Und vollkommene Zustimmung hier: "Das Nizäno-Konstantinopolitanische Glaubensbekenntnis würde ich schon gerne mal mit Bittlinger zusammenbeten. Und das meine ich gar nicht zynisch, satirisch, ironisch oder schadenfroh."
Auf Augenhöhe mit dem Protestantismus? Gar mit Bittlinger und Konsorten? So tief komm ich nicht in meinem Alter, weder physisch, noch religiös, noch intellektuell.
Was mich angeht, wünsche ich mir öfters, auf gleicher Augenhöhe mit guten, richtig guten Protestanten zu sein: Denn was ich aus den mir zur Verfügung stehenden Heilsmitteln der Catholic anstelle, ist um Längen schwächer als das, was ihnen gelingt. Ich habe keinen Grund zu persönlichem Stolz oder Hochmut.
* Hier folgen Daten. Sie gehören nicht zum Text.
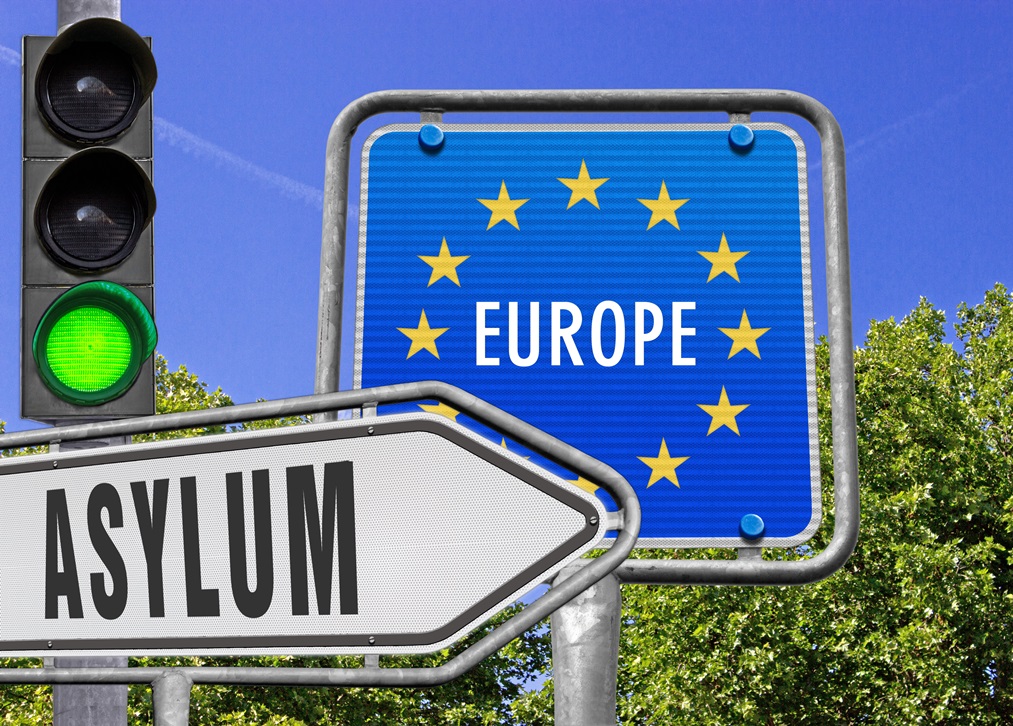 Ευρωπαϊκή Ένωση: Μειώθηκε ο αριθμός των αιτήσεων για τη χορήγηση ασύλου  - Media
Außerdem schadet es nichts, sich ab und an stillschweigend zu bücken oder zu knien - solange ich dabei anderen helfe und mir nichts aus den Taschen fällt und kaputt geht. (Um weiter im Bild zu bleiben.)
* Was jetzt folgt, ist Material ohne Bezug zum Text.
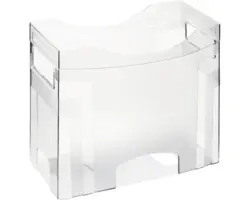 Aufbewahrungsbox Rotho 34,5 x 26,5 x 14,5 cm transparent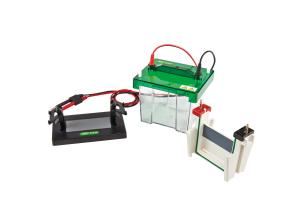 China Vertical Gel Electrophoresis Equipment Mini Protean Vertical Electrophoresis Cell wholesale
Da gab es ja noch einen, der das freiwillig und mit großen Kosten praktiziert hat. Ohne zu kompromittieren, was Ihn mit dem Vater einte.
Tja. Die Wahrheit ist nun allerdings eine andere. Die Hauptamtlichen der betroffenen katholischen Pfarrgruppe haben sich hochoffiziell bei Bittlingers Dekan gemeldet, dieser hat - ja was haben wir den anderes von diesem *piep* erwartet - über die Chefredaktion die junge Redakteurin unter Druck gesetzt, die ein Dementi produziert hat, von dem sie sehr wohl weiß, daß es keinesfalls den Tatsachen entspricht. Aber man will ja seinen Job behalten, nicht? Die Pfarrgruppe hat mittlerweile die Zusammenarbeit mit B. hochoffiziell beendet. Was die Blogozesianer angeht, da kennen wir unseren B. doch sehr, sehr gut.